Bees in Peril: Honey Farmers Grapple with Shifting Climate Patterns
APP
Peshawar: At dawn in Mohib Banda, Nowshera, a 28-year-old beekeeper Malyar Khan woke up to a nightmare, more than half of his 500 bee boxes were already drenched in the floodwater from Kabul River.
Malyar, with his brother Hussain and friend Kamal, rushed into the rising water without losing time. They loaded the boxes onto a pickup truck and drove to a higher ground. This is not a rare incident but a seasonal emergency for the beekeepers of Khyber Pakhtunkhwa.
Why is Beekeeping important?
Beefarming has been more than a rural livelihood, it is a subtle but vital thread in the economic and ecological fabric of the country.
From pollinating to production, bees do more than buzz. They ensure biodiversity, food security, and income for thousands of families across the country.
But as the climate changes, the vanishing flora are not just threatening bees, it is endangering the entire ecosystem thriving because of them.
Climate Choke on Bees
These floods aren’t just natural events, they are climate change in action. Inconsistent monsoon rains and floods prove to be a big threat for the livelihood from one season to the next.
In 2022, Malyar reported 300 of his hives were destroyed in the flood. He took out loans and rebuilt to start over, only to face another cascade. The honey farmers across the region complain that these heavy rainfalls, hailstorms, and unseasonal heatwaves are destroying their flowering plants and disrupting the nectar flow.
Attaur Rehman, a man from Charsadda, spent days rebuilding 100 hives with steel nails after flash floods demolished his old farm this July. The honey farmers say it makes honey production a gamble and they can not afford to lose repeatedly.
This shrink in the landscape is not just regional, it’s national.
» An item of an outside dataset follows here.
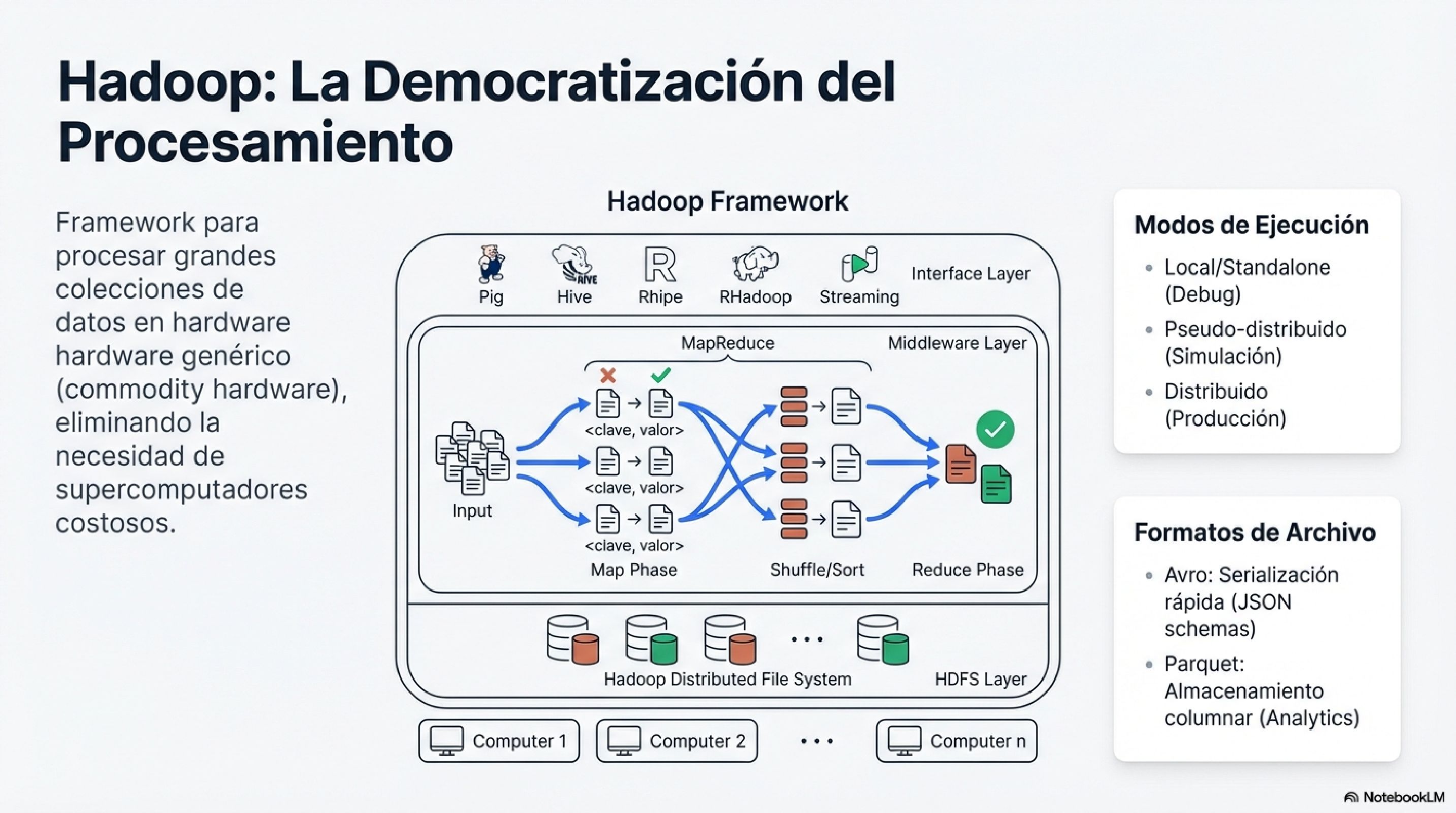 Hadoop Framework: MapReduce, HDFS, Avro, Parquet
Half of Pakistan’s native bee species, including Apis Dorsata, Florea, and Cerana, have been destroyed due to smog, pesticide usage, rising heat, and deforestation.
The country’s honey yield went from 15 types to 11 only. Overall honey production had fallen roughly 15 percent since 2022. A productive species, Apis Mellifera, was imported in 1977 and is capable of up to 25 kg production per hive. Even the species struggles with disease threats like American and European foulbrood.
An Economic Opportunity
The rural pulse of honey exports and livelihoods, however, add a brighter side to the story. Prized varieties like Ber, Bair, and Phulai honey are proudly harvested, and are earning international attention for their purity and taste.
Gulf countries, including China and North America, continue to import honey. Analysts suggest that the industry could bring in Rs. 43 Billion, and create 100,000 jobs if the annual production reaches 70,000 metric tons. Their predictions say that the farming communities struggling under drought and rising unemployment can have a sustainable income through this.
Provincial officials and forest departments are planting millions of nectar-rich trees, over 5.24 million Bair and Palosas have been planted across southern KP districts to attract bees and provide forage.
Nurseries and training centers have been established, 3,000 budding beekeepers, and 15,000 existing practitioners are receiving interest free loans.
This is a build up of the past plantation drives under the Billion Tree initiative. It planted 1.2 billion trees between 2014 and 2017. These trees were lifelines for bees and their ecosystems rather than just green symbols.